Le récit
L’histoire de La chorale au Mont débute en 2012 dans l’énergie d’Occupons Montréal et du mouvement étudiant qui activent enfin pour la génération de l’artiste une prise de parole collective et profonde remettant en question, de l’intérieur, le système d’éducation et, de ce fait, le projet québécois de société. Ces rassemblements prennent dès lors toute sorte de formes : assemblées populaires, discussions en petit groupe, repas communautaires, marches journalières, campements et surtout occupations physiques de l’espace public.
Habitée par cette vitalité, mais également épuisée par l’engagement militant quotidien, arkadi lavoie lachapelle élabore La chorale : un banc berçant en bois de tilleul, léger et démontable, inspiré des chaises berçantes anciennes, incluant 20 places et construit de façon artisanale avec l’aide de l’ébéniste Gilles Rivard. Un espace performatif pour garder la mémoire de l’élan solidaire et réflexif d’un engagement et d’une lutte commune en offrant une expérience physique d’un rythme partagé. De l’action d’un pouvoir-du-dedans et non d’un pouvoir-sur, négocié entre les berceurs et berceuses, n’excluant pas la résistance, et qui implique que, tout en se berçant, tout en se faisant du bien à soi-même, on peut également en faire aux autres.

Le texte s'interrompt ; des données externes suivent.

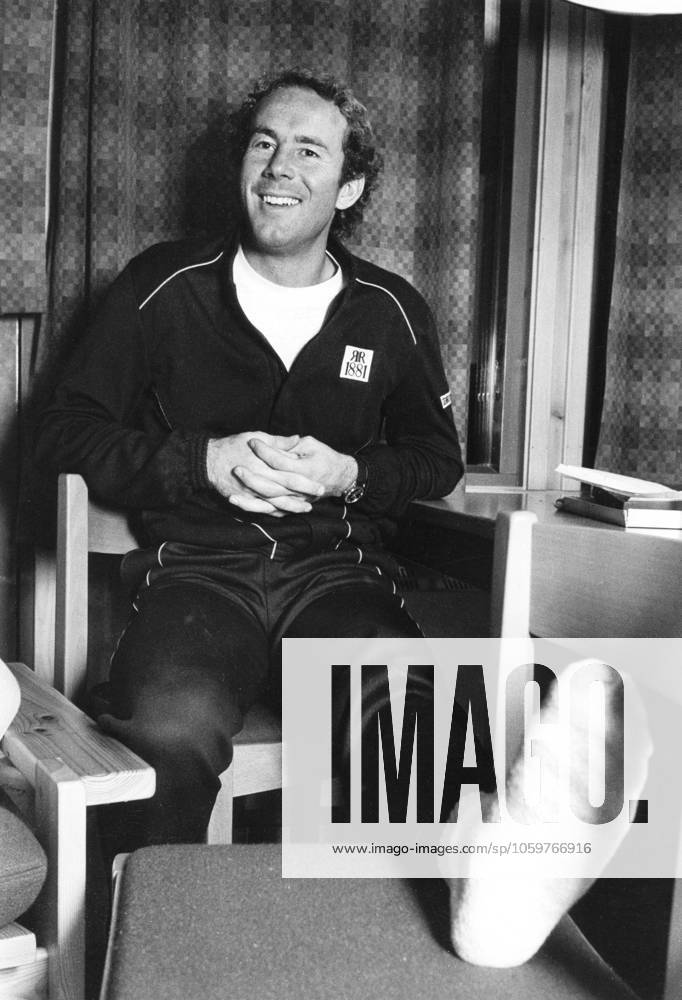 Ingemar Stenmark, geboren am 18. März 1956, ist ein ehemaliger schwedischer alpiner Skirennläufer im Weltcup. Er gilt als einer der bedeutendsten schwedischen Sportler aller Zeiten und als der größte Slalom und Riesenslalomspezialist aller Zeiten. 1980 Ingemar Stenmark born 18 March 1956 is a Swedish former World Cup alpine ski racer. He is regarded as one of the most prominent Swedish athletes ever, and as the greatest slalom and giant slalom specialist of all time. 1980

Après quelques présentations dans des centres de diffusion artistique et quelques années d’entreposage dans un salon familial, en 2015, l’artiste propose au centre d’artistes Verticale d’installer la sculpture monumentale dans un lieu non destiné à l’art, à Laval. Ainsi, avec le soutien de Verticale et de l’enseignant d’arts plastiques Fabrice Landry, la direction de l’école Mont-de-la Salle accepte d’accueillir l’œuvre dans son hall d’entrée d’octobre 2015 à octobre 2016.
La communauté scolaire s’approprie alors rapidement l’œuvre et l’intègre dans son espace de vie. Durant les pauses et les dîners, des dizaines de personnes – jeunes comme adultes – s’y rejoignent, assises, pour jaser, manger, jouer, écrire, lire, attendre ensemble. Un esprit de communauté se forme ainsi sans que les gens ne se connaissent. Les passants – élèves, enseignants, visiteurs, public lors de spectacles – s’assoient spontanément sur l’œuvre, se berçant collectivement.
L’impact du passage de l’œuvre est tel qu’en octobre 2016, les soixante élèves du Parlement étudiant de l’école, représentant leurs pairs, votent un appui à la démarche proposée par Édith Beatrice Alexandru (gr. 405) et appuyée par Labiba Malik (gr. 501). La proposition vise à ce que l’école acquière le banc de façon permanente, une résolution entérinée par le conseil d’établissement de l’école. Nous pouvons lire dans cette résolution :
Le Parlement du Mont […] souhaite, par ce moyen, pouvoir léguer aux générations étudiantes du Mont des cent prochaines années une œuvre qui parle de “vivre ensemble”, de communauté et de partage.
L’école Mont-de-la Salle est un carrefour international avec 70 % des élèves issus de l’immigration de première ou deuxième génération. La chorale devient de ce fait le symbole de la volonté de se construire une communauté harmonieuse et, par l’invitation implicite à s’asseoir et sa capacité d’accueillir jusqu’à vingt personnes à la fois, crée cette communauté en soi.
Au printemps 2018, le processus d’acquisition et la recherche de fonds sont toujours en cours. La nouvelle version de La chorale au Mont sera construite en partenariat avec l’ébéniste Natacha Chamko et l’Atelier Clark afin d’être adaptée au bercement quotidien d’une centaine d’élèves et de perdurer pour les cent années à venir.